Fumata bianca (con imprevisti) per il nuovo governo libico
Il 5 febbraio a Ginevra, i 75 delegati libici raccolti nel Libyan Dialogue Political Forum hanno eletto i membri del nuovo esecutivo ad interim che dovrà accompagnare il Paese fino alle elezioni del 24 dicembre. Le candidature erano definite tramite una serie di liste che prevedevano al loro interno quattro rappresentanti provenienti da diverse forze politiche e di provenienza geografica mista. Ad essere uscita vincitrice con 39 voti (maggioranza semplice) è la lista 3, costituita da Mohamed al-Menfi, in quota Cirenaica, come Presidente del Consiglio Presidenziale, Abdullah al-Lafi, dalla Tripolitania e Musa al-Koni, in quota Fezzan, come Vice Presidenti, ed infine Abdul Hamid Dbeibeh, imprenditore proveniente da un importante famiglia di Misurata e con legami con il vecchio regime gheddafiano, come Primo Ministro. Ora le parti avranno 21 giorni a disposizione per dare vita ad un nuovo governo e condurre il Paese ad elezioni, come previsto, peraltro, dalla road m__ap dei negoziati di novembre 2020 tenuti in Tunisia.
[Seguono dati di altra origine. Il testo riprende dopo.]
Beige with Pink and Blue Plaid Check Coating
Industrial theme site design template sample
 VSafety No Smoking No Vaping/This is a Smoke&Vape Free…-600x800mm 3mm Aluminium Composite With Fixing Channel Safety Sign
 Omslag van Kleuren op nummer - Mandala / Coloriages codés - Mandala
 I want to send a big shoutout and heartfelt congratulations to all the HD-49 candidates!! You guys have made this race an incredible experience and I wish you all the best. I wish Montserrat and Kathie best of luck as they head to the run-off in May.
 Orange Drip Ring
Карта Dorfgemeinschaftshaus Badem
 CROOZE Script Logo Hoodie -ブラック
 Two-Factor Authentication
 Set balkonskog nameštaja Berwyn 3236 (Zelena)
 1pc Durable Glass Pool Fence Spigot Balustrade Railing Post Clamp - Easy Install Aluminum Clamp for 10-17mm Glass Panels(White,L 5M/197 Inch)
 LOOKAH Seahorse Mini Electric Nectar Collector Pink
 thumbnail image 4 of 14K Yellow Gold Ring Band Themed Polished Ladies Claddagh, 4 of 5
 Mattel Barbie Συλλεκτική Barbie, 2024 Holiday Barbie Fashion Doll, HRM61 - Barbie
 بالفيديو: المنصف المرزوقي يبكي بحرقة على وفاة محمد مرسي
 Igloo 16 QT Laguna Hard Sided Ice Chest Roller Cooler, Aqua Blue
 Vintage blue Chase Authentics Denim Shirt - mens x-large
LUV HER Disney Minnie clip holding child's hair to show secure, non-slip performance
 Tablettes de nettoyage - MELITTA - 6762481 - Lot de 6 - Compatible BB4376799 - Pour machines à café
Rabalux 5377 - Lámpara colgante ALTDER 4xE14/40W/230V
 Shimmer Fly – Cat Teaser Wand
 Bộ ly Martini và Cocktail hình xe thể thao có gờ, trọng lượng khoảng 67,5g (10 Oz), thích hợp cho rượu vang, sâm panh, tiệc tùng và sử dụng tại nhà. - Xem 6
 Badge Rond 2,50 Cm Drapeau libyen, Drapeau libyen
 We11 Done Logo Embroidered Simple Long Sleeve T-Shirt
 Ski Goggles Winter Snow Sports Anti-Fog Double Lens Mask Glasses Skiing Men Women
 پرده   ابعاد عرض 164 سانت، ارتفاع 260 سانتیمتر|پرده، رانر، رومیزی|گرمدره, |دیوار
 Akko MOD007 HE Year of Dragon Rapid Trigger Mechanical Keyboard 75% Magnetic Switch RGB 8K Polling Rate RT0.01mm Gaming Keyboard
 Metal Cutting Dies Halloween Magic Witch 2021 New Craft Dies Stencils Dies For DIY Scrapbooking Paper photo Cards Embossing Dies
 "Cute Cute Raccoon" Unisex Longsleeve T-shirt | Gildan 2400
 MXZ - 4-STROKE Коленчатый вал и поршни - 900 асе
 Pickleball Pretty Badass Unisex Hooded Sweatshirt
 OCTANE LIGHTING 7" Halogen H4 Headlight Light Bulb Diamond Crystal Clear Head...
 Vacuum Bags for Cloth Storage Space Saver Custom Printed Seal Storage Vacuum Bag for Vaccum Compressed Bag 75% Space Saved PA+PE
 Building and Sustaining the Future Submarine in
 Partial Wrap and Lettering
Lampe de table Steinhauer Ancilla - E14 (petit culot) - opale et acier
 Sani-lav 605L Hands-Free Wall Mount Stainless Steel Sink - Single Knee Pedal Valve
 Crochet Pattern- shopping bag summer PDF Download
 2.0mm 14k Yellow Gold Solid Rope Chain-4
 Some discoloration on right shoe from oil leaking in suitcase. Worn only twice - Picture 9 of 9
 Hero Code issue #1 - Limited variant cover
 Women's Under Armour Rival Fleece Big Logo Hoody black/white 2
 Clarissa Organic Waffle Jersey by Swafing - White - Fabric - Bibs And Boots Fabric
Se l’apparente riuscita delle elezioni può dare segnali positivi in vista della creazione di un nuovo esecutivo nazionale, di converso nei risultati emersi vanno sottolineate alcune dinamiche che potrebbero compromettere la stabilità del possibile governo e del Paese. La maggiore preoccupazione risiede nel fatto che le personalità elette non rispecchiano pienamente i rapporti di forza sul terreno. Il nuovo Presidente del Consiglio è sì proveniente dalla Cirenaica ma molto distante politicamente dal Generale Khalifa Haftar, tanto che non condannò, quando era Ambasciatore libico in Grecia, l’accordo tra Turchia e Governo di Accordo Nazionale (GNA) sulle Zone Economiche Esclusive (2019). Di fatto, le forze politiche e militari facenti capo ad Aguila Saleh (l’influente Presidente del Parlamento di Tobruk) e Haftar sono state estromesse dalla rappresentanza nell’esecutivo.
Altresì non sembrano emergere dei legami solidi tra le schiere del nuovo Premier e le forze presenti a Tripoli. In questo senso, nuovi problemi nel riconoscimento dell’esecutivo potrebbero giungere anche dal GNA. Il 17 gennaio 2021, Fayez al-Serraj, Primo Ministro della fazione di Tripoli, ha istituito la cosiddetta Autorità di Sostegno alla Stabilità. L’organo è composto dai leader delle più importanti milizie a difesa di Tripoli ed è comandata dalla figura centrale di Abdel Ghani al-Kikli, capo della Abu Salim Central Security Directorate. Tale istituzione è sorta come una sorta di elemento politico utile a bilanciare l’influenza interna al GNA del Ministro degli Interni Fathi Bashagha, sconfitto candidato premier nelle elezioni appena avvenute e uomo molto vicino ad Ankara. Tuttavia, sembra che tale Autorità non abbia riconosciuto l’esito del voto, facendo presagire che la legittimità del nuovo esecutivo possa incorrere in diversi ostacoli in grado di ampliare i frammentati interessi in gioco.
In altre parole, questo esecutivo rischia di non essere realmente rappresentativo di nessuna parte in particolare e di non riuscire a cogliere il suo obiettivo principale consistente nell’unire il Paese in funzione di un reale sviluppo elettorale da definire passo dopo passo entro il prossimo 24 dicembre. Pertanto il meccanismo messo in atto dalle Nazioni Unite in Libia rischia di trovare nuovi e importanti ostacoli sulla sua strada già accidentata.